Glaciers—dynamic masses of ice descending from the mountain tops—have always been fascinating to humankind. They intrinsically belong to the high-alpine environment. Countless photographs immortalize their bright white beauty and the power they radiate. Glaciers have been depicted on oil and parchment for centuries, as if trying to capture their transience. They are constantly moving; under the influence of gravity, the ice generated at high elevation flows downwards and shapes tremendous glacier tongues that are speckled with deep fissures known as crevasses. Sometimes the openings to these crevasses are hidden by a light dusting of snow; subsequently, mountaineers need a lot of experience to accurately judge their exposure to the ice.
Even though glaciers are not living things, they are not lifeless. For many mountain regions worldwide, glaciers function similarly to lungs: They absorb snow in wintertime and “breathe” out water during hot summer days. This glacier water is urgently needed, especially in dry periods.
Glaciers consequently have a relevance that goes far beyond the mountain peaks where they reside. A reduction in meltwater from glaciers would be painful for nature and the global economy: irrigation of fields would be restricted, the temperature and mineralization of rivers would change, and during periods of drought, serious bottlenecks could come into existence for the drinking water supply and for shipping on rivers. In addition, melting glacial ice contributes to sea-level rise and therefore directly or indirectly affects billions of people living near the coast.
Despite, or perhaps because of, their majestic appearance, glaciers can also pose an immediate threat. Glaciers can produce floods and ice avalanches that endanger villages in the valleys.
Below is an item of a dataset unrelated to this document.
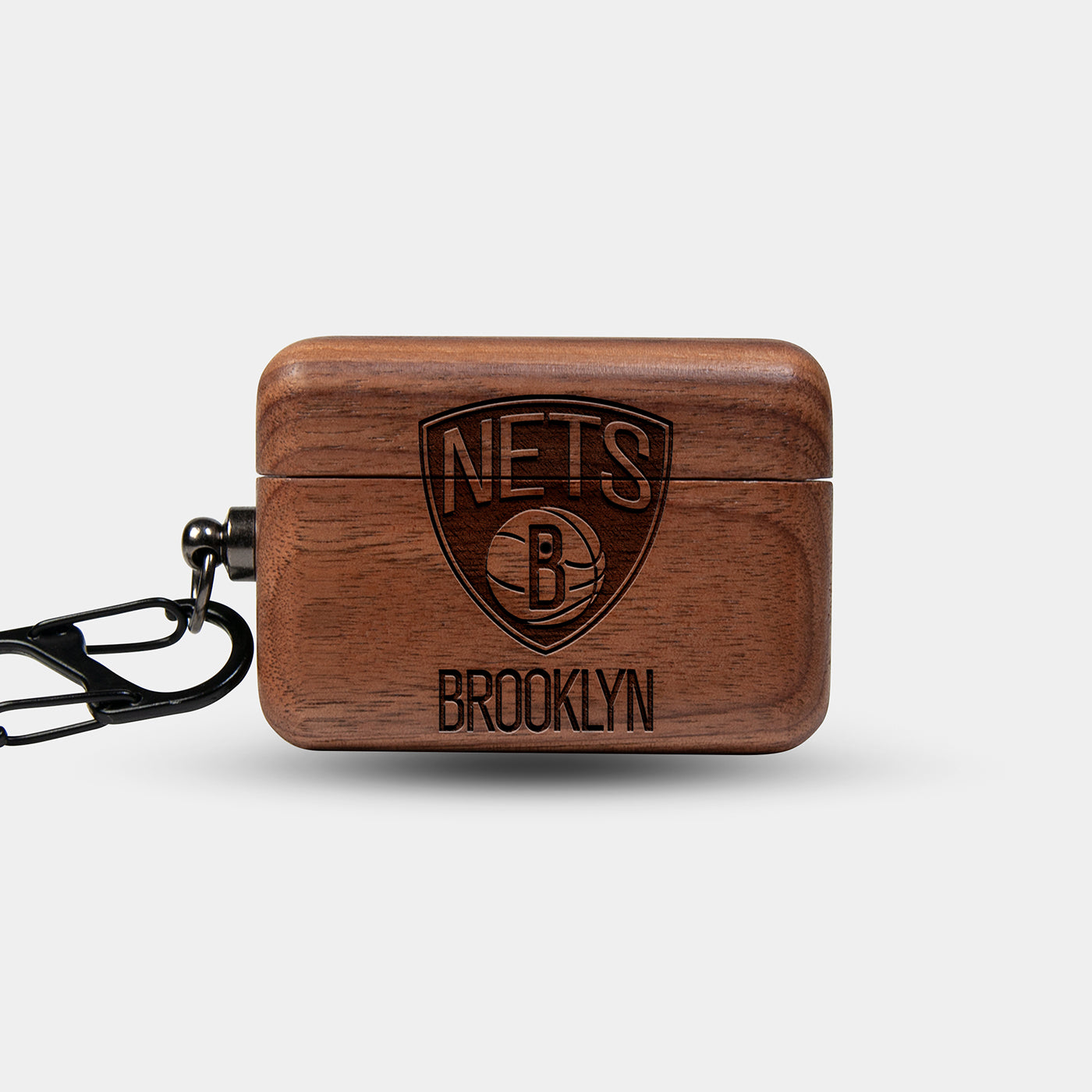 Custom Brooklyn Nets AirPods Cases | AirPods | AirPods Pro | AirPods Pro 2 Case - Carved Wood Nets AirPods Cover - Eco-friendly Brooklyn Nets AirPods Case - Custom Brooklyn Nets Gift For Him - Monogrammed Personalized AirPods Cover By Engraved In Nature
Together with permafrost, glaciers also stabilize mountain flanks and therefore reduce the potential for rock falls and landslides—a role that is becoming increasingly lost.
The so-called “eternal” ice of glaciers tells a long and dynamic story. During the Ice Age, ice sheets covered a large part of the North American continent, as well as Europe. The last time this happened was around 20,000 years ago—a blink of the eye from a geological perspective. Since then, the climate has changed, due both to natural factors and to anthropogenic influences—human-caused factors—which have massively accelerated over the past 100 years (Marzeion et al. Citation2014). As a result, the glaciers are still present, but they are getting smaller every year.
This was already apparent to the earliest glaciologists, who have been monitoring glacier melt for almost 150 years—at some sites without interruption. Since then, many glaciers have massively retreated or have even completely disappeared (). The measurements of glaciologists show a strong imbalance between gains of mass caused by snowfall, and losses caused by melting in all regions, around the globe (Hugonnet et al. Citation2021; Zemp et al. Citation2019). This means that the thickness of the ice, mainly in the lower reaches of the glacier, massively decreases, and the white giants lose more and more of their former splendor.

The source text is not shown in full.